◆ **WHAT THE EXERCISE ASKS**: Copy out the listing that follows, exact in every word, and skip the images.

◆ **COLLECTED DATA**:
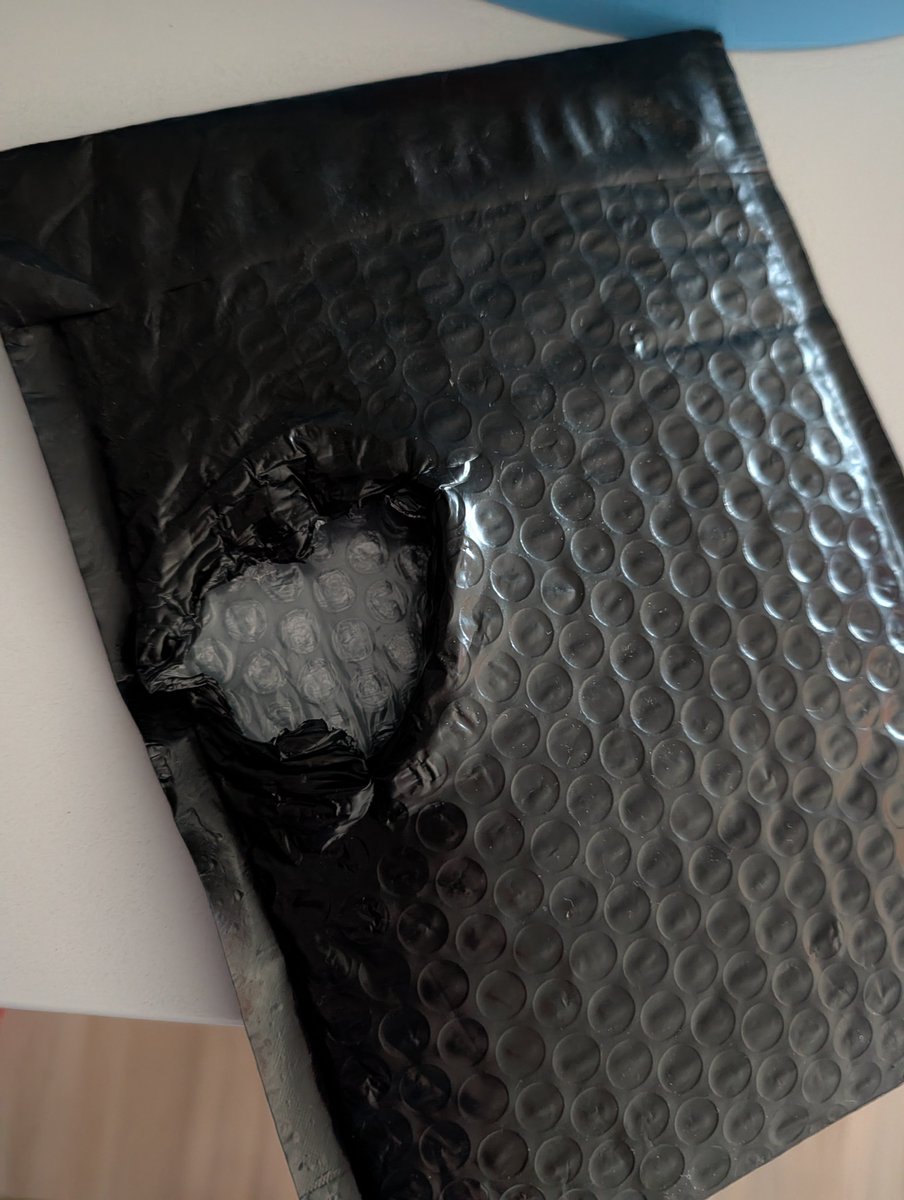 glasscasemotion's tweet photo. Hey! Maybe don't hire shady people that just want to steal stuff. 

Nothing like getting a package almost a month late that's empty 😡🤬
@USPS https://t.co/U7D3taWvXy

◆ **OUTPUT OF THE TASK**:
 glasscasemotion's tweet photo. Hey! Maybe don't hire shady people that just want to steal stuff. 

Nothing like getting a package almost a month late that's empty 😡🤬
@USPS https://t.co/U7D3taWvXy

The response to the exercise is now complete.